Harnessing Peacocks is the third novel by Mary Wesley, published in 1985 when the author was 73 years old. In 1992 it was adapted for television.

==Plot summary==
As a baby, Hebe lost her parents in an air crash; her grandparents have brought her up. When she, to her surprise, learns that she is pregnant, her grandparents and older siblings arrange an abortion to eliminate the social nuisance. Hebe overhears their plans and flees her grandparents' home for good.

Twelve years later Hebe is living alone in a small town in the West Country and her son, Silas, is attending a posh private school. To make a living Hebe is working as a cook for elderly ladies and supplementing the income by sleeping with their sons and sons-in-law.

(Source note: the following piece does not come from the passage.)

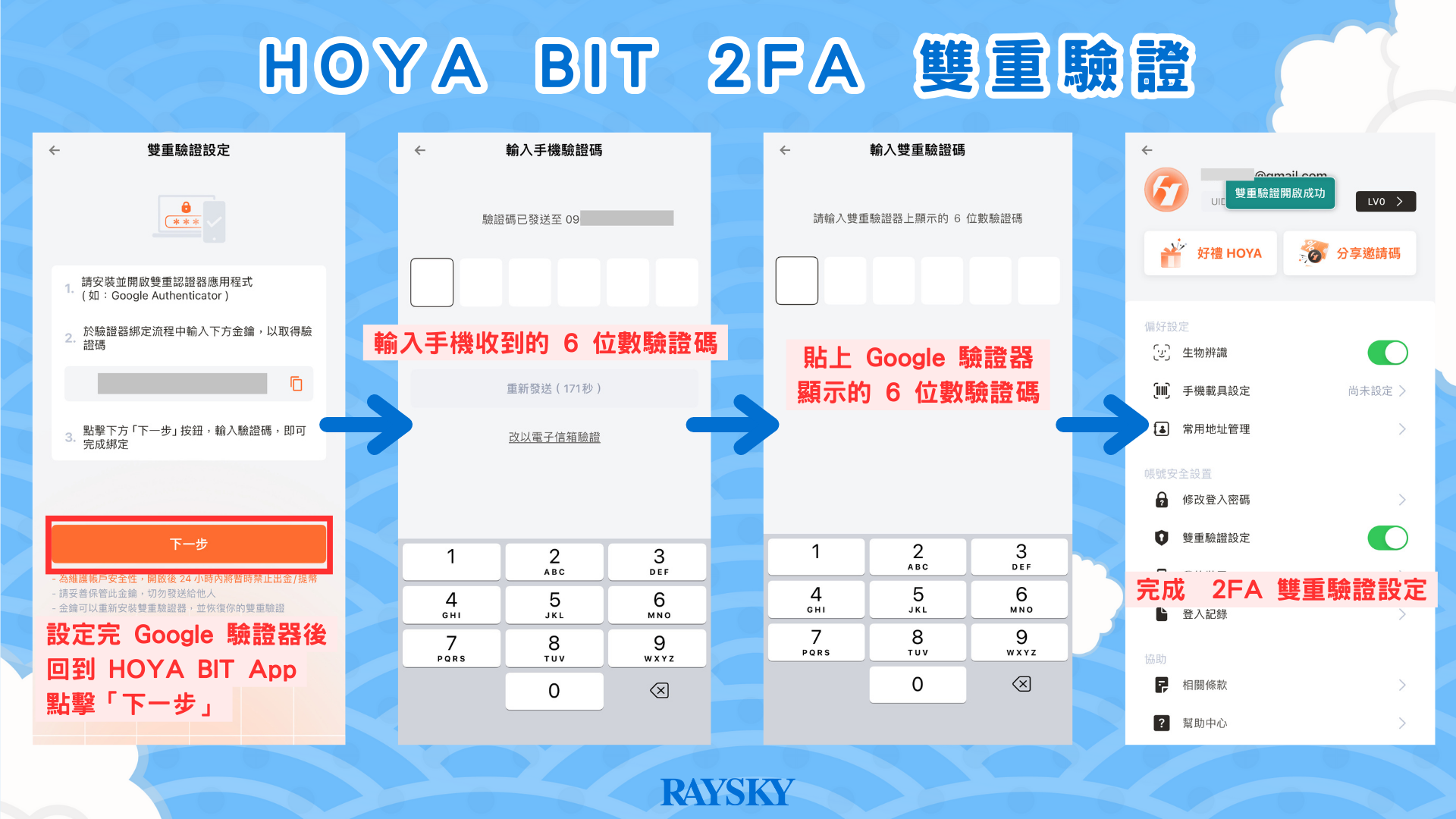 HOYA BIT 設定 2FA 雙重驗證步驟二：綁定 Google 身分驗證器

In the meantime forces threaten her lucrative and well-structured life. Silas's father (unknown to Hebe) is looking for her; Silas is on vacation with the sons of one of her clients; the local hatter falls in love with Hebe; Silas hates his school; one of her clients wants to marry her and begins stalking her; and Hebe's grandparents become involved in a road accident.

==List of characters==
- Hebe: aged thirty, single mother of Silas who fled home from Italy when she became pregnant, now lives in Cornwall and works as a part-time cook and part-time prostitute.
- Silas: Hebe's twelve-year-old son, attending a smart private school
- Christopher and Eileen Rutter: Hebe's grandparents, from whom she is estranged
- Ann, Beata and Cara: Hebe's older sisters
- Robert, Delian and Marcus: Hebe's brothers-in-law
- Jim Huxtable: the (unknown) father of Silas who owns a coffee shop which sells antiques
- Rory Grant: a hatter in Salisbury, in love with Hebe
- Louisa Fox: One of Hebe's old lady employers, also Rory Grant's aunt
- Hannah Somerton: a friend of Hebe who lives in the same street
- Giles: Hannah Somerton's son
- George Scoop: a dentist, Hannah Somerton's boyfriend
- Lucy Duff: one of Hebe's employers
- Mungo Duff: son of Lucy Duff and one of Hebe's clients
- Alison Duff: Mungo's wife
- Alistair and Ian Duff: Mungo and Alison Duff's sons
- (Aunt) Amy Tremayne: A friend of Hebe who used to work for Hebe's grandparents. When Hebe came home from Italy, Amy took her in.
- Miss Thomson: Lucy Duff's live-in housekeeper
- Bernard Quigley: a hermit and retired antique dealer, in his youth a Don Juan who pursued Amy Tremayne, Louisa Fox, Lucy Duff and Eileen Rutter, all at the same time
- Michael Reeves: a school friend of Silas
- Jennifer and Julian Reeves: Michael Reeves's rich parents, they invite Silas to join them on their holidays
- Eli and Patsy Drew: an American couple with whom Alison has an affair
- Terry: One of Hebe's former and satisfied clients

==TV Adaptation==

Harnessing Peacocks was adapted for TV in 1992, directed by James Cellan Jones and starring Serena Scott Thomas as Hebe.

==Reception==
Thomas Hinde of the Sunday Telegraph described the novel as 'Delightful, intelligent entertainment'. Susan Hill of Good Housekeeping goes on to praise the author, 'Mary Wesley goes from strength to strength...She has a great zest for life...The book is tremendously lively, very funny, spirited'.

==Themes==
One of Wesley's major fictional themes is the affirmation of illegitimacy which appear repeatedly in her works. When Hebe becomes pregnant as a teenager her family arrange for her to have an abortion. However, Hebe wants to keep her baby and to do so she must flee her grandparents´ house, and her flight marks the definitive break with her family.

The heroines in Wesley's novels always have a complicated relationship with their families. The older generation will often appear class conscious and racist. When Hebe, to her surprise, learns that she is pregnant, her grandfather's reaction is: "Who is the man?... A long-haired layabout...Probably a Communist...Must have an abortion...Might be black". Hebe's family is not concerned about her or the child she is expecting; what they are concerned about is the social embarrassment and nuisance a pregnancy will bring.

==Possible Biographical References==
Mary Wesley always rejected the suggestion of any connection between her own personal life and her fiction. However, she identified the appalling grandparents in Harnessing Peacocks, who bully the pregnant Hebe, as the nearest she came to a portrait of her own parents in old age.